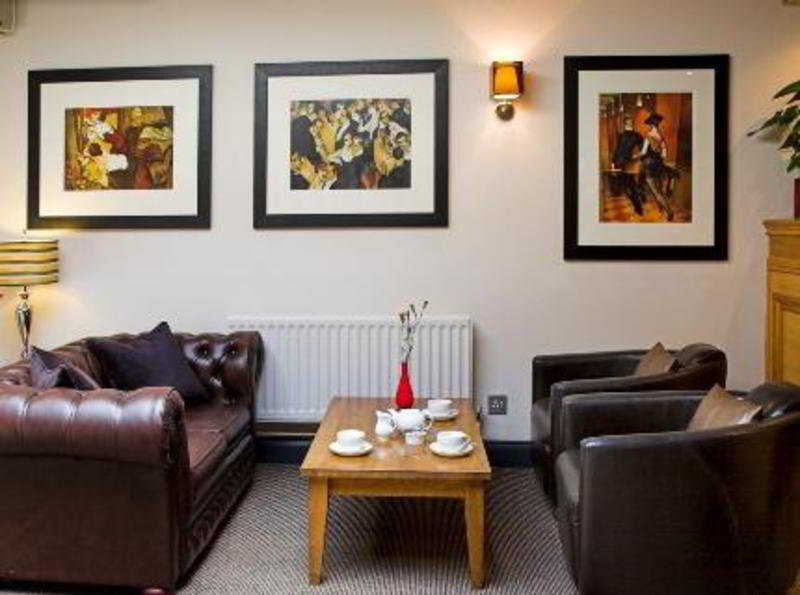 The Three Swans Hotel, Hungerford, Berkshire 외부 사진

==

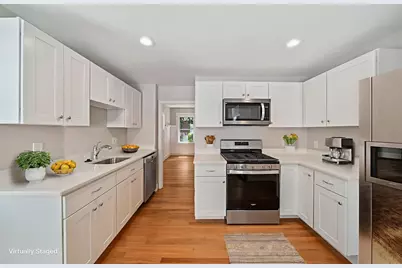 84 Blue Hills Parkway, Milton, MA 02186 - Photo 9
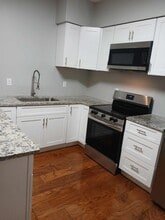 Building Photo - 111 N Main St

Try it: Everything above from the line with "84 Blue Hills" through the line with "Building Photo - 111 N Main St" should be retyped exactly, and nothing else; omit pictures.

Written solution:
 84 Blue Hills Parkway, Milton, MA 02186 - Photo 9
 Building Photo - 111 N Main St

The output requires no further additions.